Der Politiker: Klaus Töpfer, Deutschland

Drei Zuhörer verlieren sich an diesem Sommermorgen im leeren Saal des Bundespresseamtes. Doch Klaus Töpfer benimmt sich, als ob es 3.000 zu überzeugen gälte. Er wirbt und warnt, bittet und scherzt. Er redet, als ob das Thema, das ihn nun schon seit 20 Jahren bewegt, aufregend wäre, spannender denn je zuvor.

Klaus Töpfer, Ex-Umweltminister, Ex-Chef des UN-Umweltprogrammes und Beinahe-Bundespräsident, hat Deutschland vor 20 Jahren auf der ersten Umweltkonferenz in Rio vertreten. Deswegen sitzt er hier, redet über Gerechtigkeit, Klima und die Zukunft. Die Kirchen haben eingeladen, und Töpfer ist natürlich gekommen, um zu helfen. Irgendwie passte der Termin in den Kalender, kurz vor der Reise zur zweiten Rio-Konferenz und zwischen zwei Interviews. Schließlich geht es ja um das Überleben der Menschheit.

Töpfer sagt, dass er der großen Appelle und Utopien langsam müde werde. Denn viel zu oft verstecke sich dahinter nur die Unfähigkeit, konkret zu handeln. Seit der Rio-Konferenz vor 20 Jahren sei doch klar, dass uns der Kollaps der Ökosysteme drohe und dass wir anders wirtschaften müssten. »Wir dürfen aber nicht warten, bis alles perfekt ist«, sagt er. Jetzt und hier müsse jeder etwas tun: »Wir müssen vom Wissen zum Handeln kommen.« Warum nicht die ganz private Energiewende starten? Zum Beispiel einfach den Kühlschrank zwei Grad höher stellen. Das wäre ein Anfang.

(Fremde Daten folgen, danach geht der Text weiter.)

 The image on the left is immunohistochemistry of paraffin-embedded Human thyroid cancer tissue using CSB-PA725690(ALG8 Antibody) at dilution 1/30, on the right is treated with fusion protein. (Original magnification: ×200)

Klaus Töpfer ist nicht naiv. Er weiß natürlich, dass man mit einem wärmeren Kühlschrank die Welt nicht retten wird. Dennoch schätzt er das konkrete Arbeiten, die Mühen des Alltags. Deswegen hat er als Chef der Ethikkommission der Bundeskanzlerin geholfen, den Atomausstieg zu schaffen. Deswegen erforscht er als Direktor des IASS in Potsdam, wie Länder nachhaltig wirtschaften können.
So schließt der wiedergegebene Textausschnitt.